1932 German drama film

Rasputin, Demon with Women (German: Rasputin, Dämon der Frauen) is a 1932 German drama film directed by Adolf Trotz and starring Conrad Veidt, Paul Otto and Hermine Sterler. It was shot at the Halensee Studios and Terra Studios in Berlin. The film's sets were designed by the art directors Gustav A. Knauer and Walter Reimann. It portrays the influence wielded by Grigori Rasputin over the Russian Royal Family around the time of the First World War. It was released the same year as an American film about him Rasputin and the Empress.
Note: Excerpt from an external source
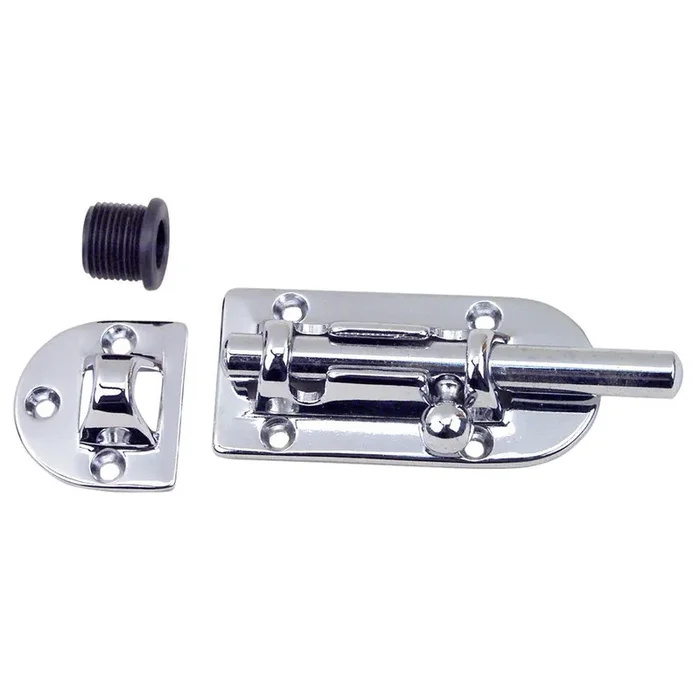 Perko Chrome Barrel Bolt – 5in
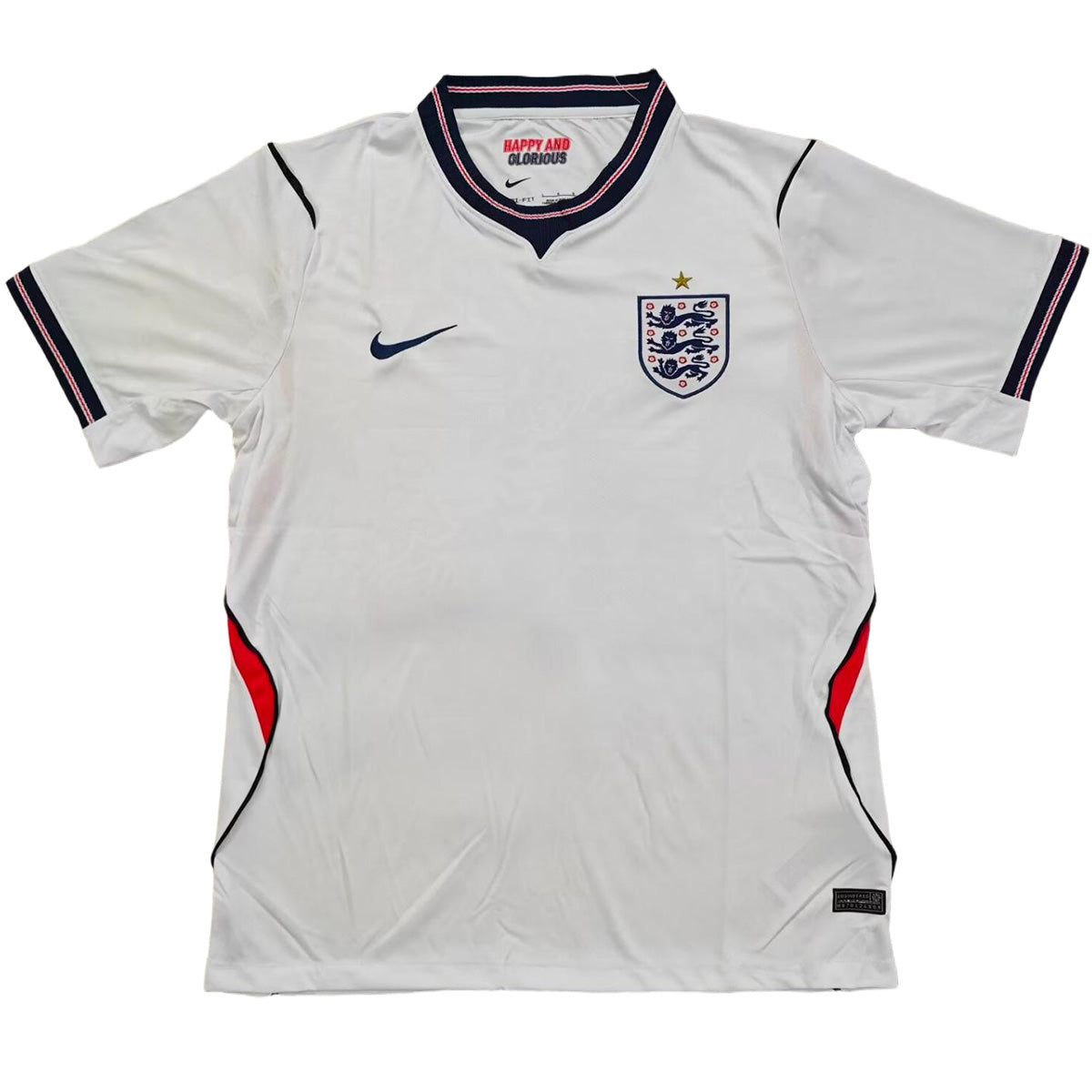 England Home Jersey World Cup 2026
Felix Yusupov sued the filmmakers for his portrayal, but ultimately dropped his case. The film was banned in Germany in 1933 following the Nazi Party's rise to power.

==Synopsis==
Rasputin's success as mystical healer in a small village leads him to be sought and brought to St. Petersburg by the authorities. Despite his façade of mysticism, he is also an avid womaniser, leading to widespread resentment. However, his success with the gravely ill son of Nicholas II and Czarina Alexandra leads to his growing political influence over them, even as Russia goes to war. A group of his aristocratic enemies plot his murder.

==Bibliography==
- Klaus, Ulrich J. Deutsche Tonfilme: Jahrgang 1932. Klaus-Archiv, 1988.
- Soister, John T. Conrad Veidt on Screen: A Comprehensive Illustrated Filmography. McFarland, 2002.